ChanServ changed the topic of #lima to: Development channel for open source lima driver for ARM Mali4** GPUs - Kernel has landed in mainline, userspace driver is part of mesa - Logs at and - Contact ARM for binary driver support!
jrmuizel has joined #lima
jrmuizel has quit [Remote host closed the connection]
jrmuizel has joined #lima
mardikene193 has joined #lima
<mardikene193> about the many-to-many scheduler, it is compromise between many-to-one and 1:1. As it is also possible to hijack syscalls, this comes with a similar security risk, when the upcall system call is known, security issue is slightly more but not too big of an issue either compared to 1:1.
jrmuizel_ has joined #lima
<mardikene193> For an example all the POSIX layer on windows nt the emulated POSIX API would work on system privileges, which has kernel execution support via some specific calls, on.
<mardikene193> on./on linux similar thing would happen and on BSD/XNU
jrmuizel has quit [Ping timeout: 276 seconds]
<MoeIcenowy> anarsoul: not a fix
<anarsoul> :(
<anarsoul> btw, gnome is not really friendly for tiling GPUs
<anarsoul> s/for/to
<anarsoul> it seems to use a huge fbo and renders only into part of it
<mardikene193> the win comes in fold of 800 allready because context switch from userspace done via upcalls is inherently vastly faster.
<mardikene193> on CPUs and when you combine that with coresight or pipelined jtag boundary scan hw api
<mardikene193> things go into mad heights for performance.
<mardikene193> I also developed this twos complement instruction stream compression, which as mentioned i call binary stream instruction checksummming
<mardikene193> that saves all the instruction cache bandwidth
<anarsoul> MoeIcenowy: btw, unrelated issue, but this part from cogl: "cogl_color_out = cogl_color_in * texture2D (tex, vec2 (cogl_tex_coord_in[0].xy));" where cogl_tex_coord_in is vec4 array of 1 element will result in poor image quality on lima
<mardikene193> VLIW is great because such bitwise operations on top of twos complement subtract can be taken as entirely parallel operations, cause it comes with more alus since scoreboarding in hw is expensive, 16 not parallel ops can be taken on terascale and on mali gpus they have sort of weird specs
<MoeIcenowy> anarsoul: oops
<anarsoul> as well as later calculations with coords
<mardikene193> based of the docs, mali 400 vliws have pipeline of 128 stages per core
<MoeIcenowy> why it will result in poor image?
<anarsoul> MoeIcenowy: because varying is not passed directly into sampler
<anarsoul> it will be loaded into register
<MoeIcenowy> the register is only 16-bit?
<anarsoul> it's fp16
<anarsoul> so it's only 10 bits of precision
<MoeIcenowy> oh
<anarsoul> 5 for mantissa, 1 for sign
<mardikene193> each bundle is 4words of instructions, i think they count simd width each stage of simd separately also as stage
<anarsoul> it's not enough to sample high-res textures accurately
<mardikene193> so 128/4/4 is 16 there as well
<MoeIcenowy> so directly using varying is the only way to keep 32-bit float number in PP?
<anarsoul> s/mantissa/exponent
<mardikene193> you can take 16bundles per core in parallel but 4*16 when there are no deps involved
<anarsoul> MoeIcenowy: yes, but only for samplers.

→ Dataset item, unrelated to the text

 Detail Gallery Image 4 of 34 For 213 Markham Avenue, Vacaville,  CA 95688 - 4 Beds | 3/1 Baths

Anything else uses fp16.
<anarsoul> I guess cogl authors couldn't imagine that some GPUs will be fp16-only :)
yuq825 has joined #lima
<mardikene193> when you think a little, then you should see why VLIW is considered the best architecture of all times.
<mardikene193> elbrus CPU has been done so that 32words per CPU core, and there is a coupled array prefetch buffer to the instruction windows, you can grab instruction even if it was dependent out from any position
<mardikene193> without causing excessive pipeline stalls due to bad ordering
<anarsoul> MoeIcenowy: unless fragment shader uses spilling the only place PP can read from is texture 0
<anarsoul> that has weird size of 800x1104, but I think it's OK
<MoeIcenowy> anarsoul: do you think GNOME Shell is very weird when analyzing the apitrace? ;-)

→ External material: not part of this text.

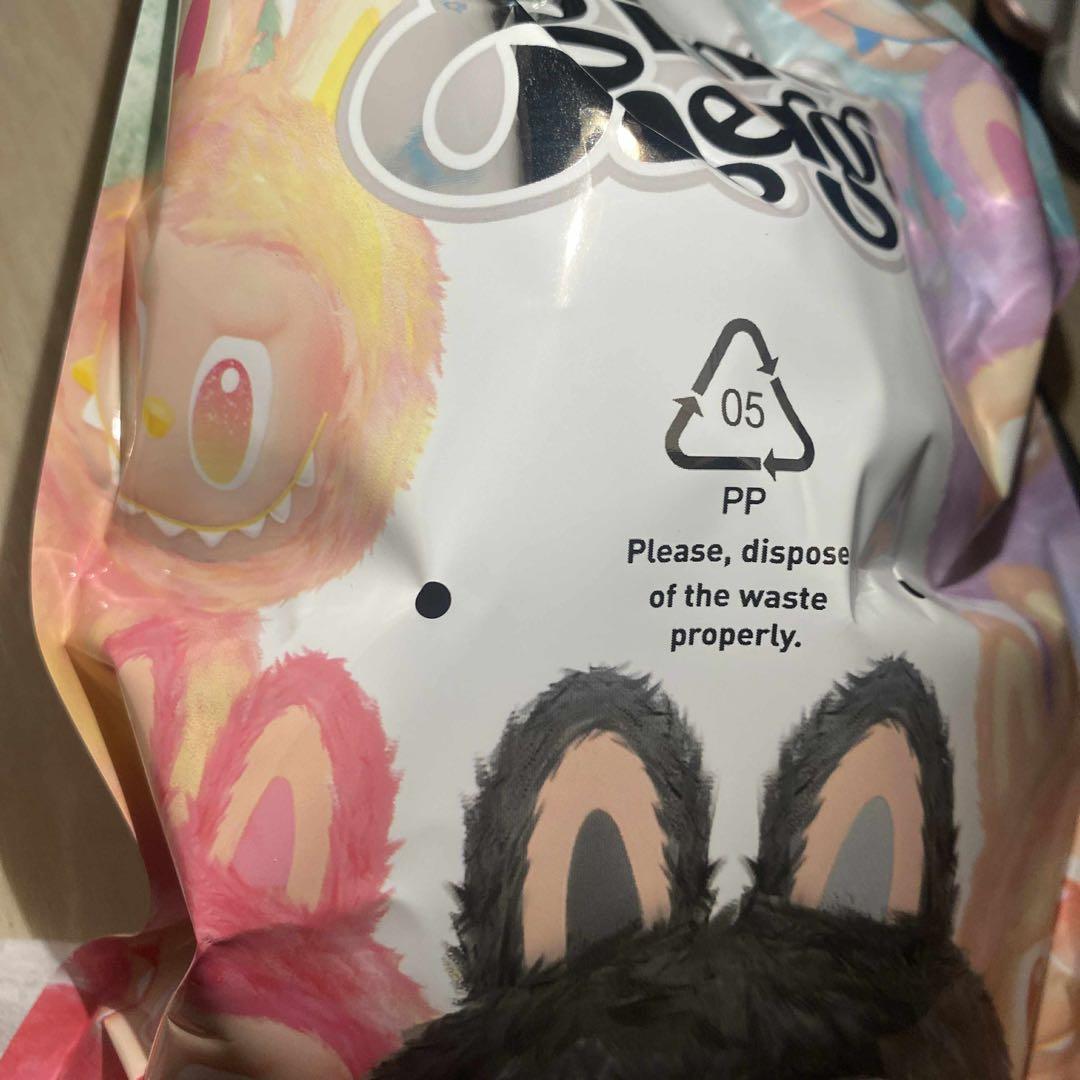 ラブブLABUBU Big into Energy 正規品　シークレット ID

<anarsoul> that's definitely not the best piece of software
<MoeIcenowy> but also not the most weird?
<anarsoul> I've been in software for quite a while. I saw much weirder things :)

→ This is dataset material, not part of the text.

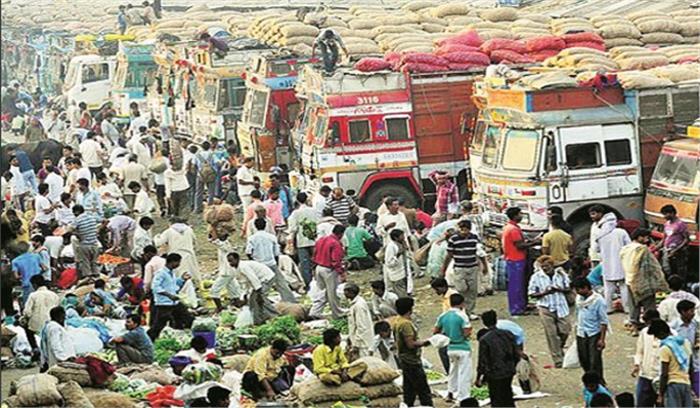 आजादपुर सब्जी मंडी रही बंद, हड़ताल स्थगित, अनशन रहेगा जारी 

<anarsoul> it's quite surprising that it mixes GLSL shaders with ARB
<MoeIcenowy> anarsoul: BTW what's ARB shader?
<MoeIcenowy> I have 0 knowledge about it
<MoeIcenowy> some lowlevel thing?
<mardikene193> since the branches according to the patent can be done in the queues, as well as being async in nature, it is different on CPUs how branches are handled as i spoke
<MoeIcenowy> anarsoul: why is there only fragment in this situation?
<mardikene193> however the concept is in generalisation the same there, everything is a branch
<anarsoul> no idea
<mardikene193> so yes, when the bundle is from 1-32 you can call 32 branches for their target more precisely as every instruction would be a short branch, and elbrus cpu will do the reordering at runtime
<mardikene193> it will run first the non-dependent instructions until the bundle is over and everything falls into place as it should
<MoeIcenowy> finally the eMMC on my PineTab bombed totally
<anarsoul> :(
<anarsoul> use NFS?
<bshah|matrix> O.o
<MoeIcenowy> oh? I can still read it with the USB reader?
<MoeIcenowy> (but it totally doesn't boot now on PineTab itself
<MoeIcenowy> maybe the connector is loosen
<mardikene193> is that in nature more expensive using bypass registers and array prefetch buffers and loop counters than that of scoreboard, yeah well definitely not
<mardikene193> it is just a fifo structure everything from branches are played until they are done
<mardikene193> and they come in flavors or 512 to 1024 queue entries, plenty of running scheduling, it was a suprising read that sometimes in history also russians are pretty smart designers, and pretty early on
<anarsoul> some IPA won't hurt :)
jrmuizel_ has quit [Remote host closed the connection]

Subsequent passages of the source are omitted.